Proxmox storage remediation — proposal¶
Status: Partially executed (owner decisions 2026-06-24)
Date: 2026-06-24
Host: prox (192.168.6.71) — ASUS PN64, 1 TB NVMe
Context: Post–Wave A/B decommission; backup target migrated to Whrrr volume6
This document consolidates the live storage audit, resolved items, open risks, and recommended decision paths. It is the action proposal companion to the frozen point-in-time audit in prox-storage-2026-06-24.md.
Related:
- Compute disposition review — keep / consolidate / retire matrix
- Proxmox consolidation — end-state guest target
- Synology capacity ntfy — Whrrr volume alerts
- Compute decommission queue — vzdump + destroy order
Executive summary¶
Prox is not in hypervisor-level crisis after recent backup work, but two production-adjacent workloads sit on different failure modes:
| Workload | Primary risk | Root cause |
|---|---|---|
| nfs-monitoring (114) | Imminent — guest disk ~full | 98.7% thin LV, 91% in-guest, 53 GB Docker (ES stack) |
| saltierpoop (100) | Operational — media I/O | Local disk 81% (OK for now); Prawns/Movems NFS at 100% |
Three storage layers must be managed independently:
pve-root— OS, ISOs, local scratch (improved; ISO prune still available)local-lvmthin pool — guest disks (~270 GB thin free; unevenly consumed)- Whrrr NFS — Prawns/synorpn nearly full; infra-backups on volume6 healthy
Recommendation in one line: ~~Gut or shrink 114~~ 114 retired 2026-06-24; manage guest disks only (Whrrr NFS pool layout is fixed for now); keep infra-backups as vzdump target; saltierpoop alert relief via periodic log hygiene.
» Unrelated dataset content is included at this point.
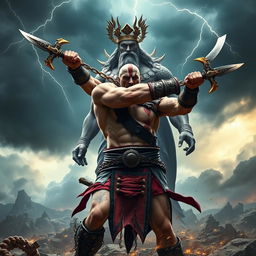 A powerful warrior inspired by Kratos, depicted in a dynamic pose, swinging his iconic chained blades with swords at the ends, showcasing his muscular physique and fierce determination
Owner decisions (2026-06-24)¶
| Topic | Decision |
|---|---|
| Whrrr NFS / Prawns cleanup | Out of scope — pool layout prevents changes; only VM/LXC actions |
| nfs-monitoring (114) | Backup + destroy — executed 2026-06-24 |
| saltierpoop (100) | Keep on prox — marginal in-guest cleanup for disk alert relief |
Executed (2026-06-24)¶
| Action | Result |
|---|---|
| LXC 114 manual backup | infra-backups/dump/manual-lxc-114-rootfs-2026_06_24.tar.zst (~53 GB) + lxc-114-pct.conf |
| LXC 114 destroy | VMID 114 removed; ~110 GB thin pool freed |
| Prometheus | Removed nfs-monitoring-* scrape jobs from prometheus.yml |
| saltierpoop hygiene | journalctl --vacuum-size=500M (~3.4 GB), /tmp clear, syslog.1 truncate → 78% used / ~22% free on / |
saltierpoop ongoing hygiene (recommended)¶
Disk alerts fire when root filesystem free space drops below 20%
(monitoring/prometheus/alerts/node.yml). Saltierpoop flapped at ~19% free before cleanup.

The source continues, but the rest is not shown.